El fruto de Pessoa era comestible, comestible y
nutritivo. Quedó guardado durante años en un baúl, pero no se pudrió. Como los
buenos vinos, mejoró con el tiempo y con el reposo. No quería ocultarlo; lo
ofrecía gustoso a quien pasase junto a él y extendiese su mano. El naranjo
ofrece gustoso la naranja. Pero hay ocasiones en que la gente pasa junto a un
árbol repleto de frutos maduros y no repara en ellos, y sigue de largo. Así
pasaron los lisboetas junto a Fernando Pessoa.
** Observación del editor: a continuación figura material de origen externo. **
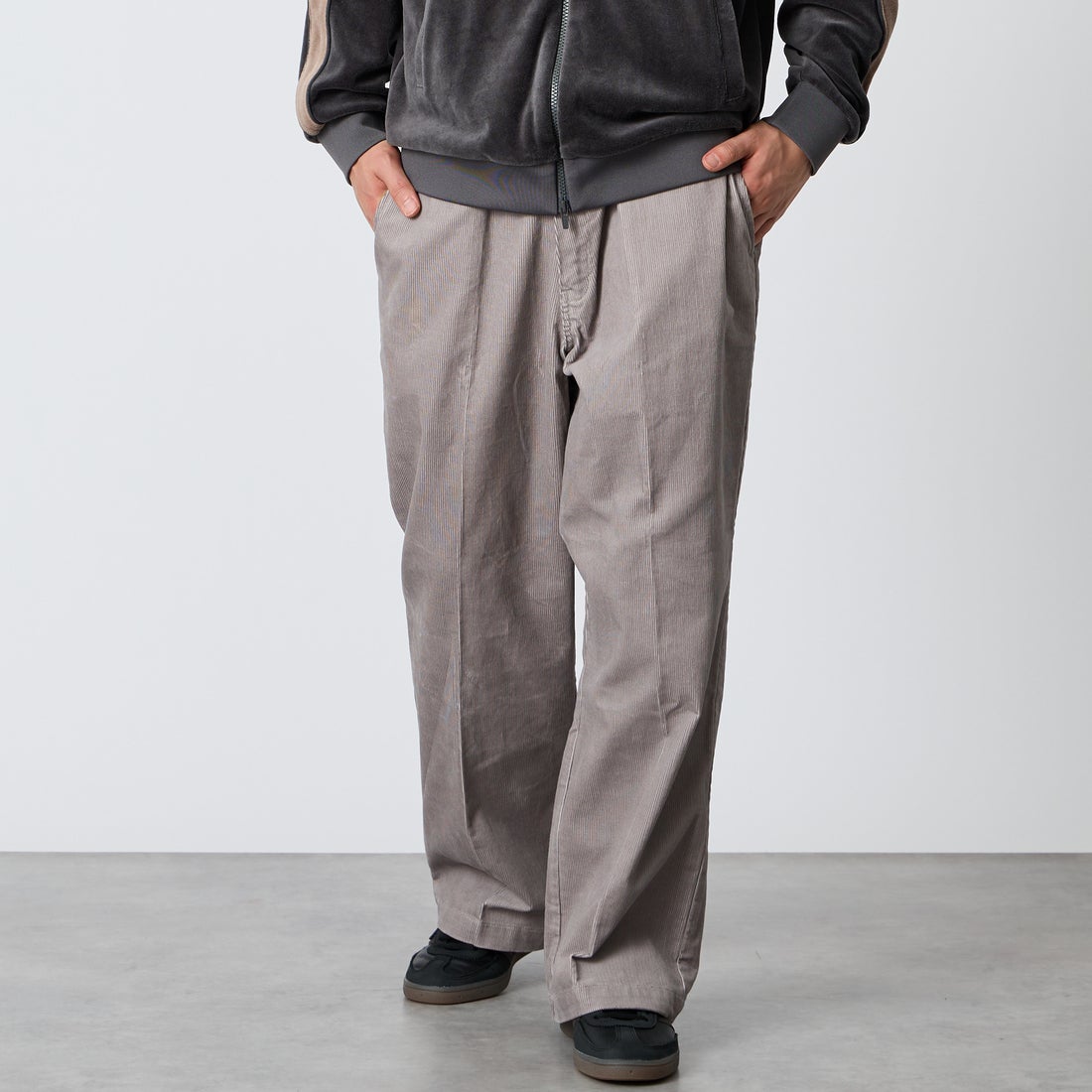 Dickies [ディッキーズ] 別注 コーデュロイグランパパンツ [263M401IN01-JF] L.GREY &&モデル身長：177cm 着用サイズ：L&&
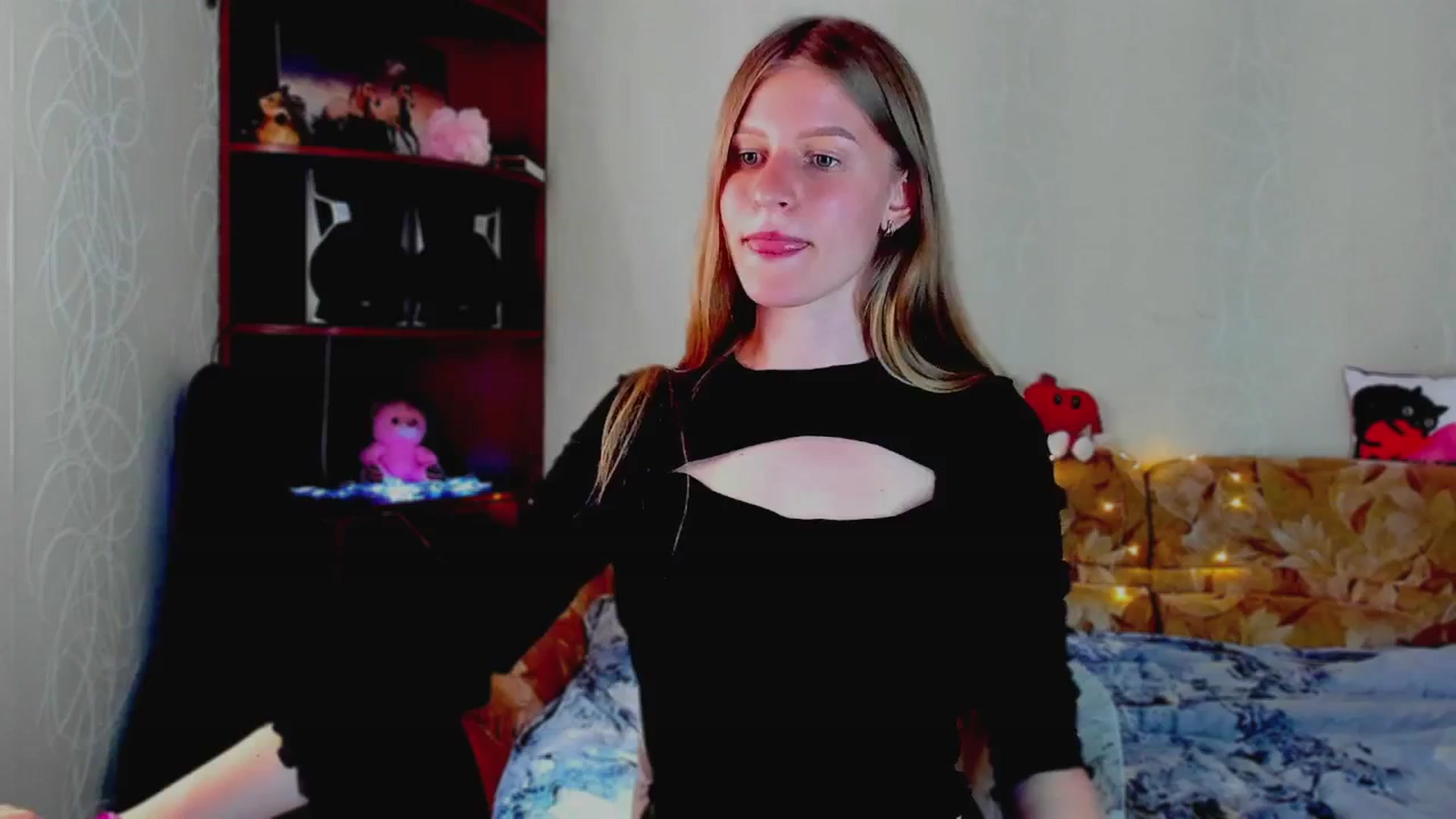 Gallery image thumbnail from Luna_evan's myfreecams stream on, 06/05/2025, 09:35 image 17 of 20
Fueron las siguientes
generaciones las que se alimentaron con él. Pessoa se nos fue para siempre;
para siempre quedaron sus prosas y sus versos. Yo no ofrezco aún mis frutos,
porque no están lo suficientemente maduros. Dentro de unos años los ofreceré a
diestra y siniestra, y se alimentarán con ellos los espíritus más disímiles en
las más disímiles latitudes. Yo me moriré, mi mensaje no. Pasaré y quedaré,
como el Universo.
[1] Según el último (y mejor) biógrafo de Pessoa,
estos poemas no fueron escritos “al hilo”, en un arrebato de inspiración, ni
tampoco fueron escritos durante la noche que menciona Pessoa, sino que necesitó
varias jornadas para concluirlos (cf. José Paulo Cavalcanti Filho, Fernando Pessoa: casi una autobiografía,
pp. 243 a 245).
[2] Sin embargo coincide con Poe en que no es el
poeta, sino el lector, quien tiene que conmoverse con el poema. ¿Sentir? ¡Que sienta el que lee!
(“Isto”, 1933, estrofa final, AP 4250).
[3] Más adelante Pessoa termina comprendiendo, o
admitiendo, que la razón, en el ser humano evolucionado, es inseparable del
sentimiento: Tengo tanto sentimiento/que
normalmente me persuado/de que soy sentimental, /pero reconozco, al medirme, /que
todo eso es pensamiento, /que no sentí finalmente (poema sin título,
18/9/1933, AP 2174).
[5] Pessoa opinaba lo
contrario. Para diferenciarse de Caeiro dijo que este poema, el VIII de El guardador de rebaños, lo escribió
“con sobresalto y repugnancia” (AP
4306).
[6] Bernardo
Soares coincide conmigo: “Prefiero la prosa al verso, como modo de arte
[...]. Considero al verso una cosa intermedia, un paso de la música a la prosa.
Como la música, el verso es limitado por leyes rítmicas que, aunque no sean las
leyes rígidas del verso regular, existen sin embargo como defensas, coacciones,
dispositivos automáticos de opresión y castigo. En la prosa hablamos libres.
Podemos incluir ritmos musicales y, a pesar de ello, pensar. Podemos incluir
ritmos poéticos y, sin embargo, estar fuera de ellos. Un ritmo ocasional de
verso no estorba a la prosa; un ritmo ocasional de prosa hace tropezar al verso.
[…] Estoy seguro de que, en un mundo civilizado perfecto, no habría otro
arte que la prosa. […] La
poesía quedaría para que los niños se acercasen a la prosa futura; que la
poesía es, por cierto, algo infantil, mnemónico, auxiliar e inicial.” (LDD, § 10).